Dataset content:
BEGIN
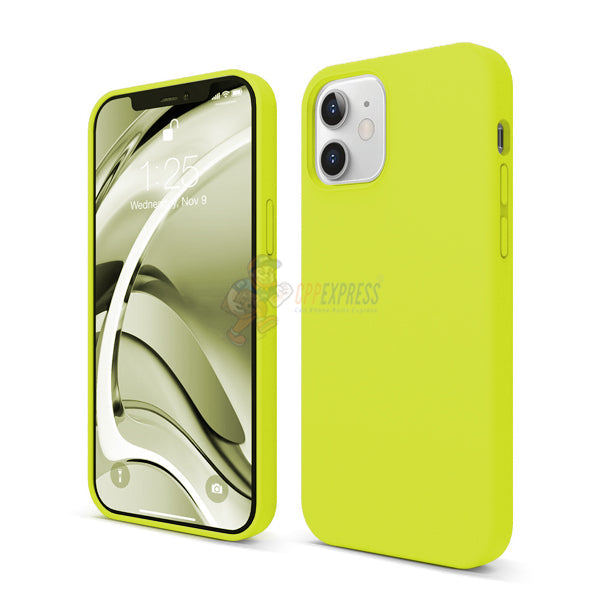 iPhone 12 / iPhone 12 Pro 6.1" Slim Soft Silicone Protective ShockProof Case Cover - Fluorescent Yellow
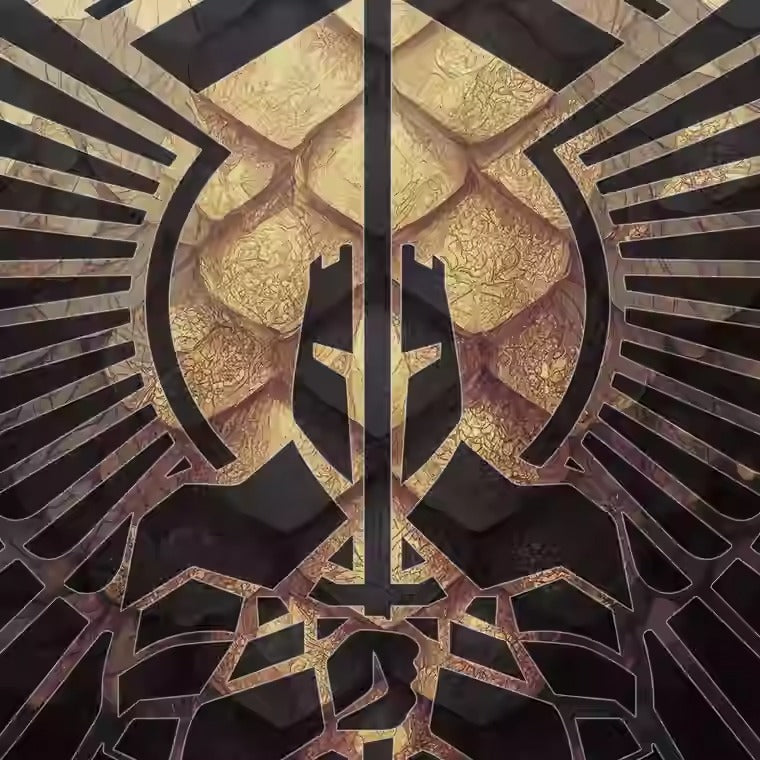 Extremely Premium LAB Gold Foil Forged Carbon Fiber Knife Card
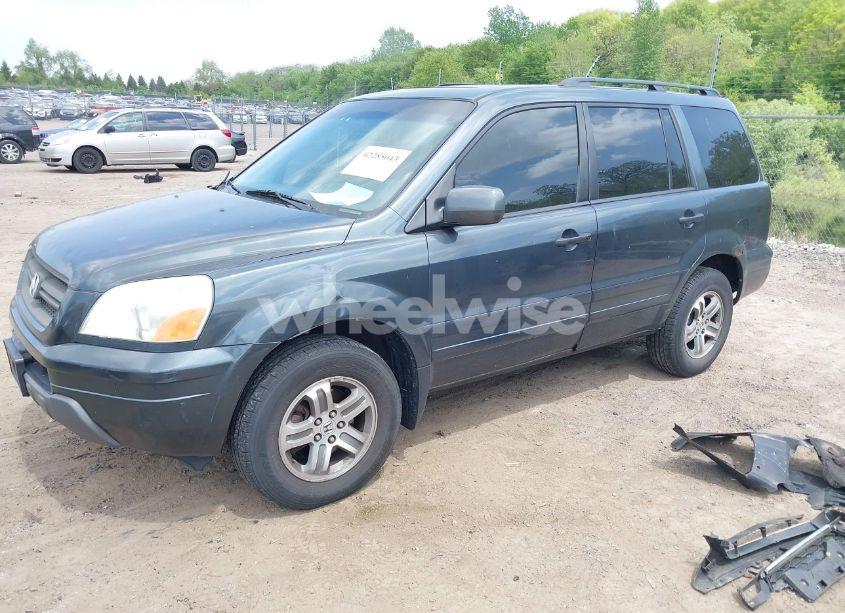 Photo 2 of 2005 Honda Pilot EX-L (VIN 2HKYF18565H510757)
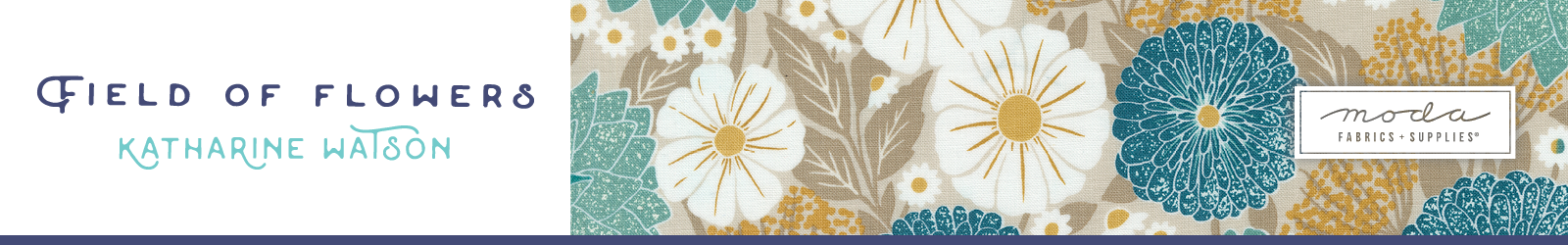 Shop the Field of Flowers Fabric Collection by Katharine Watson for Moda Fabrics at World Weidner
END
Your goal: An acceptable answer consists of the lines above from the one holding "Extremely Premium LAB" to the end of the data, repeated exactly and containing no pictures.

Your response:
 Extremely Premium LAB Gold Foil Forged Carbon Fiber Knife Card
 Photo 2 of 2005 Honda Pilot EX-L (VIN 2HKYF18565H510757)
 Shop the Field of Flowers Fabric Collection by Katharine Watson for Moda Fabrics at World Weidner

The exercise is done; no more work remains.